(Captioned web image data)
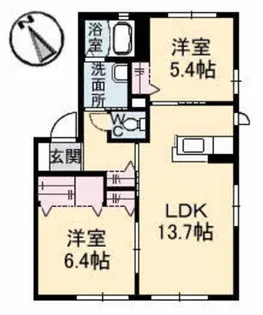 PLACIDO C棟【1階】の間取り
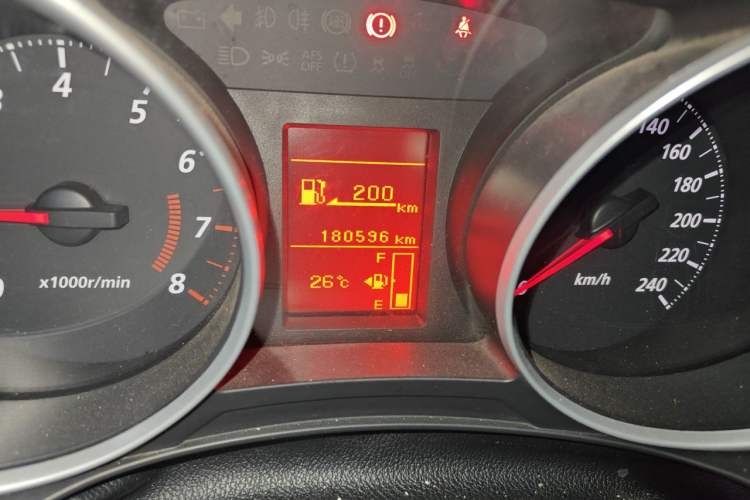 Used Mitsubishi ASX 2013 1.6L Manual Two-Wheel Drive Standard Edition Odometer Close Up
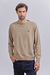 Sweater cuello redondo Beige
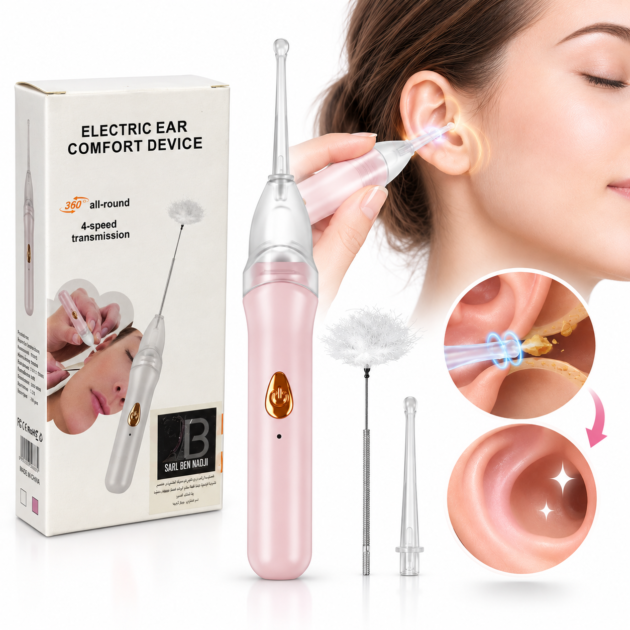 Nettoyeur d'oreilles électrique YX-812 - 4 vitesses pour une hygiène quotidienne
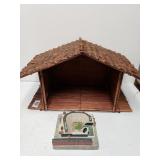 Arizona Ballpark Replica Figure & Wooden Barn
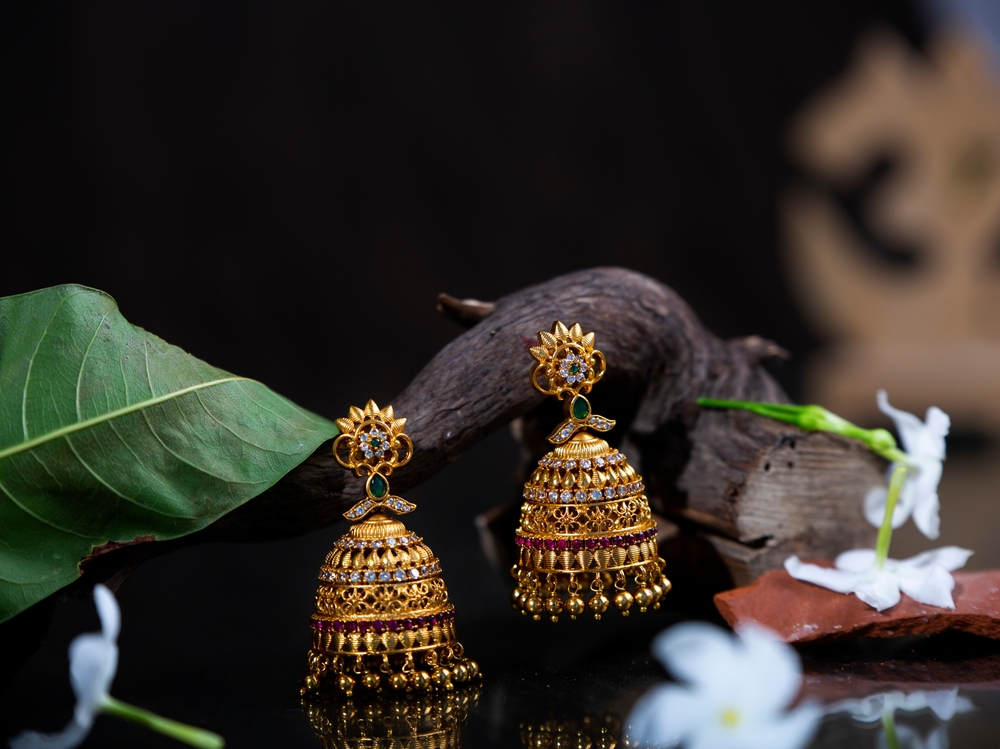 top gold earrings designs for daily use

Task objective:
The lines from the one that contains "Nettoyeur d'oreilles électrique" through the end of the data, repeated exactly and with no pictures, make up the whole answer.

Completed task:
 Nettoyeur d'oreilles électrique YX-812 - 4 vitesses pour une hygiène quotidienne
 Arizona Ballpark Replica Figure & Wooden Barn
 top gold earrings designs for daily use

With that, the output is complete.